Menaces homophobes sur la marche des fiertés LGBT en Russie. Comme à Londres, à Varsovie, à Vienne et à Stockholm, plusieurs associations (Act Up-Paris, CGL Paris, Comité IDAHO, Commission LGBT des Verts, Fédération des Centres LGBT, Inter-LGBT, Ligue des Droits de l’Homme, Panthères roses, Parti Communiste Français, RAVAD, Solidarité Internationale-LGBT, Sans Contrefaçons, SOS Homophobie) appellent les citoyens et les citoyennes à réagir, notamment en se rassemblant le jeudi 2 mars prochain à 18h près de l’ambassade de Russie (angle boulevard Lannes et Rue Dufrenoy M° Rue la Pompe, 75116 Paris).

Du 24 au 28 mai 2006, plusieurs événements historiques auront lieu à Moscou : la conférence internationale IDAHO (International Day Against Homophobia), le festival culturel de Moscou et la première marche des fiertés LGBT jamais organisée dans ce pays, marche qui se tiendra 13 ans jour pour jour après la dépénalisation de l’homosexualité en Russie en 1993.

Mais les réactions homophobes ne manquent pas. Le maire de Moscou, Youri Luzhkov, a récemment affirmé que toute tentative pour organiser une gay pride serait « résolument écrasée ». Le mufti suprême de la région de Talgat Tajuddin a également déclaré : « la manifestation ne saurait être autorisée. S’ils vont dans la rue, il faudra les frapper. Tous les gens normaux le feront, qu’ils soient musulmans ou orthodoxes. » Il a ajouté que le Prophète Mahomet a ordonné de tuer les homosexuels, car « leur comportement conduirait à la fin de l’espèce humaine ». Selon l’évêque orthodoxe Daniel de Yuzhno-Sakhalinsk, cette marche n’est qu’une « plaisanterie cynique » ; il a comparé l’homosexualité à la lèpre et a mis en garde la population contre « la propagande du vice ». Par ailleurs, le représentant des rabbis de Russie, Berl Lazar, a déclaré à l’agence de presse russe Interfax que si la gay pride était autorisée, « ce serait un coup porté à la morale ».

Cependant, ces réactions homophobes ne reflètent pas forcément l’opinion publique car, selon un sondage récent, 51 % des Russes pensent que les gais et lesbiennes devraient avoir les mêmes droits que les autres. Mais il est clair que ces déclarations politiques et religieuses menacent les libertés publiques, et propagent la haine et la violence dans le pays tout entier. Or, qu’on le veuille ou non, de nombreux citoyens de Russie et du monde entier participeront à cette marche, et des députés d’Angleterre, de Belgique, de France, des Pays Bas, du Brésil et du Parlement européen sont également attendus.

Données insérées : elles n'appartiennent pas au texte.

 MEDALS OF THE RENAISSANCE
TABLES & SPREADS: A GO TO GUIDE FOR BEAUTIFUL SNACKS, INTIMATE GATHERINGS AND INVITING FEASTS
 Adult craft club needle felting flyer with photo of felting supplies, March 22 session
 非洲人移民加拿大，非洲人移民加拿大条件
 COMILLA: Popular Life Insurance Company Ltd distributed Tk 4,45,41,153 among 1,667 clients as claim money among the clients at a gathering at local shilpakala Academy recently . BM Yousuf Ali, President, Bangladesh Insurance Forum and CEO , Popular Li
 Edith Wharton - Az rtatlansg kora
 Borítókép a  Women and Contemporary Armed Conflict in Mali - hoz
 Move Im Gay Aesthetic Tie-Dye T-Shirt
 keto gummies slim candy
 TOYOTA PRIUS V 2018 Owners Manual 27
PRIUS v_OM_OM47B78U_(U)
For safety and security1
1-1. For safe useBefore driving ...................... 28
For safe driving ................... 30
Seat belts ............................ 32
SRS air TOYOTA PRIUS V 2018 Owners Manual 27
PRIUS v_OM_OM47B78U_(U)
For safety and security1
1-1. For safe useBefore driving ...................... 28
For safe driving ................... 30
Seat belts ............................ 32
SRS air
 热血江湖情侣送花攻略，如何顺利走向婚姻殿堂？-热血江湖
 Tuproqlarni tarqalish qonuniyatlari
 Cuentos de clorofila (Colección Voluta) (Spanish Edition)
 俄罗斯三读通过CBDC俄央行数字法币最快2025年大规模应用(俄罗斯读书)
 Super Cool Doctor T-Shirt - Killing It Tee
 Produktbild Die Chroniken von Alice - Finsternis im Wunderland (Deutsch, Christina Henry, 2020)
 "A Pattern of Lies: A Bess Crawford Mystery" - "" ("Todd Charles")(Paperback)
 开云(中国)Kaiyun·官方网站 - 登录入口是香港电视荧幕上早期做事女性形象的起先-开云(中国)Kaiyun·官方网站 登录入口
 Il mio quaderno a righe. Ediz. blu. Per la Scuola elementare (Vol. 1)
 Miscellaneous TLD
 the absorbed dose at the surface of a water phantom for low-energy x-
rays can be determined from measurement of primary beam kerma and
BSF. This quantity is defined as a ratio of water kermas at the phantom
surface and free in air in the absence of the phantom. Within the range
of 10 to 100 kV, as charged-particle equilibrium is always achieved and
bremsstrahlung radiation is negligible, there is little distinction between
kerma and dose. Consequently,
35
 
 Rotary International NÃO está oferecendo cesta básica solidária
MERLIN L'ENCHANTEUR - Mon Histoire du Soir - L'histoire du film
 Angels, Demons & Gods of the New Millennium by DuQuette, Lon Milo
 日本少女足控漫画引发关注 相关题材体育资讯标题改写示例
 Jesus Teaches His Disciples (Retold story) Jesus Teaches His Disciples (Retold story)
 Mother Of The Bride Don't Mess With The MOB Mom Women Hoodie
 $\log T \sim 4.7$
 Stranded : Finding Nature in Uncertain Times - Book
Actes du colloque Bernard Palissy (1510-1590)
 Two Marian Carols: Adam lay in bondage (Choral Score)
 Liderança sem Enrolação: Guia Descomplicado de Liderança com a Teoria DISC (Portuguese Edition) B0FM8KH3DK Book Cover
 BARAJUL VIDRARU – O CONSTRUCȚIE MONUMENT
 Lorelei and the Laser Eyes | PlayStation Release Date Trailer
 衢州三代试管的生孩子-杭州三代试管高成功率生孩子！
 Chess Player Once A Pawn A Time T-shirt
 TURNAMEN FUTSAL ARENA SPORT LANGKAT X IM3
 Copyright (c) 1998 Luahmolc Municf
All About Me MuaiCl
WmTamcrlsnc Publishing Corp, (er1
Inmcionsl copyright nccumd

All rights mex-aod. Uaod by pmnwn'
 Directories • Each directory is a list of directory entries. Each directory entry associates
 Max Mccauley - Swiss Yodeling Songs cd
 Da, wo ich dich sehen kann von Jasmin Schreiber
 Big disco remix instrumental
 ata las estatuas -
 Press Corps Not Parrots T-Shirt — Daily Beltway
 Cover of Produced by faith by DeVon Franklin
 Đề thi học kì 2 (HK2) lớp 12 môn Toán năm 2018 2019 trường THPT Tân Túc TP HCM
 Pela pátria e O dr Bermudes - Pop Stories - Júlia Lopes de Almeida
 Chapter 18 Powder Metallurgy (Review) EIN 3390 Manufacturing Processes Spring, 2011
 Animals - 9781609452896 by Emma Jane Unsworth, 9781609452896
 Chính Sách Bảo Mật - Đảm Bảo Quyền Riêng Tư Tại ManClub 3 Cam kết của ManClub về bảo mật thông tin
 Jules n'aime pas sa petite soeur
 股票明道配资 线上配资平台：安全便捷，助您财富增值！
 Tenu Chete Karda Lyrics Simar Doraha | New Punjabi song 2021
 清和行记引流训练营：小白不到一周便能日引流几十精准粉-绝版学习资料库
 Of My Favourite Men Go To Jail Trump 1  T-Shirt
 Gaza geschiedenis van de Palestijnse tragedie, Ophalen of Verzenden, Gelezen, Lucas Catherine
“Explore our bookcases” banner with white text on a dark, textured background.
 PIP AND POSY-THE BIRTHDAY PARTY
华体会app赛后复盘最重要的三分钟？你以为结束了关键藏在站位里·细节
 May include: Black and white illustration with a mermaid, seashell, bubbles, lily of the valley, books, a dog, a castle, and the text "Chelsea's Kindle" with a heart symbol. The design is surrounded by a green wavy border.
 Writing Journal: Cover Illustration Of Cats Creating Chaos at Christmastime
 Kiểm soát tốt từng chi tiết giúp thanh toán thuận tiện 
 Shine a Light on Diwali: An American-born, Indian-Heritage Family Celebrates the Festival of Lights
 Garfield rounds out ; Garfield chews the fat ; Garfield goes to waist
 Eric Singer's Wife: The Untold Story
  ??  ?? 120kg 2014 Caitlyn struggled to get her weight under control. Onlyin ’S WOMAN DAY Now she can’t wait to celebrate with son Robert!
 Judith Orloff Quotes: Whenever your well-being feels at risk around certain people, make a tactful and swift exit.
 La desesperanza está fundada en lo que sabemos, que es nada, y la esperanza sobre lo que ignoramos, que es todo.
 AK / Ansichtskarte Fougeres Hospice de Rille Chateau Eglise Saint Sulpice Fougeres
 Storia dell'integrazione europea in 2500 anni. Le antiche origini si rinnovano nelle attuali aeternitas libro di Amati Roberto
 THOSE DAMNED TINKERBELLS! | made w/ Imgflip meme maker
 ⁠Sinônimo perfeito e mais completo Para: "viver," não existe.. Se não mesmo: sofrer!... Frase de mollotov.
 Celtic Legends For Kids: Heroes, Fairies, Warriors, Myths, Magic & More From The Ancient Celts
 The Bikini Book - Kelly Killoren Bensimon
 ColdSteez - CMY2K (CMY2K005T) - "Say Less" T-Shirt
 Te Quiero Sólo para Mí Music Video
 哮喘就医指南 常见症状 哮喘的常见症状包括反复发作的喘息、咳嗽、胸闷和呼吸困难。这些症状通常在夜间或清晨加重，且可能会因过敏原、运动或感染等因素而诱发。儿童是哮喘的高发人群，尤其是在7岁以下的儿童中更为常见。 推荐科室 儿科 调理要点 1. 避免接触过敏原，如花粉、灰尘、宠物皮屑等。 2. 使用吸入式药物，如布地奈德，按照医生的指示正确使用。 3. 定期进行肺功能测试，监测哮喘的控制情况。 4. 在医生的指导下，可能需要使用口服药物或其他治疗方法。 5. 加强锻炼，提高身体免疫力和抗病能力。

La Russie devant bientôt prendre la tête du G8 et du Conseil de l’Europe, qui a pour mission de veiller aux droits de l’Homme en Europe, nous appellons les citoyens et les citoyennes, les hommes et les femmes politiques à réagir à ces déclarations de violence homophobe, qui mettent en péril les libertés publiques et les droits humains. En liaison avec nos amis/es de Pologne, de Grande Bretagne, de Suède, d’Autriche, et en signe de solidarité avec les personnes LGBT en Russie et avec les démocrates russes en général, nous demandons aux citoyens, aux citoyennes, aux hommes et aux femmes politiques de manifester leur préoccupation le jeudi 2 mars à 18h, près de l’ambassade de Russie (angle boulevard Lannes et Rue Dufrenoy M° Rue la Pompe, 75116 Paris), et d’écrire à M. Vladimir Poutine lui-même, pour lui demander de protéger les droits humains, sans distinction de sexe ni d’orientation sexuelle, en garantissant notamment la tenue et la sécurité de la marche des fiertés LGBT.


Après cette manifestation devant l’ambassade, deux représentants des associations ont été reçues par M. Parinov, attaché de presse de l’ambassadeur (qui n’était pas présent à Paris le jour de la manifestion).

1/ Nous avons trouvé M. Parinov relativement ignorant
Selon lui, "les comportements homosexuels doivent rester dans la sphère privée", comme si une marche des fiertés LGBT était un gang bang public dans les rues de la ville. "Il y a des choses qu’on ne peut pas faire dans la rue", a-t-il ajouté. Nous avons tenté de lui expliquer qu’il s’agissait d’une manifestation en faveur des droits humains pour tous, il n’a pas semblé comprendre ce que nous voulions dire. Il ne sait sans doute pas grand chose au sujet des marches des fiertés.

2/ Nous avons trouvé M. Parinov peu intéressés par les questions LGBT et VIH
Nous lui avons parlé du sida en Russie à plusieurs reprises. Nous lui avons expliqué que la communauté gaie russe était particulièrement touchée par le VIH, que l’homophobie rend particulièrement difficile l’accès aux soins et la mise en oeuvre de campagnes de prévention spécifiques, mais il nous a expliqué qu’il n’était pas lui-même spécialiste de ces questions (ce qui n’est pas problématique), et que personne à l’ambassade (qui est fort grande) n’était en mesure de traiter ces questions (ce qui est plus problématiqu). Il n’a pris aucune note de notre conversation, nous le lui avons fait remarquer. Mais il a affirmé qu’il avait une très bonne mémoire, ce qui est une bonne nouvelle.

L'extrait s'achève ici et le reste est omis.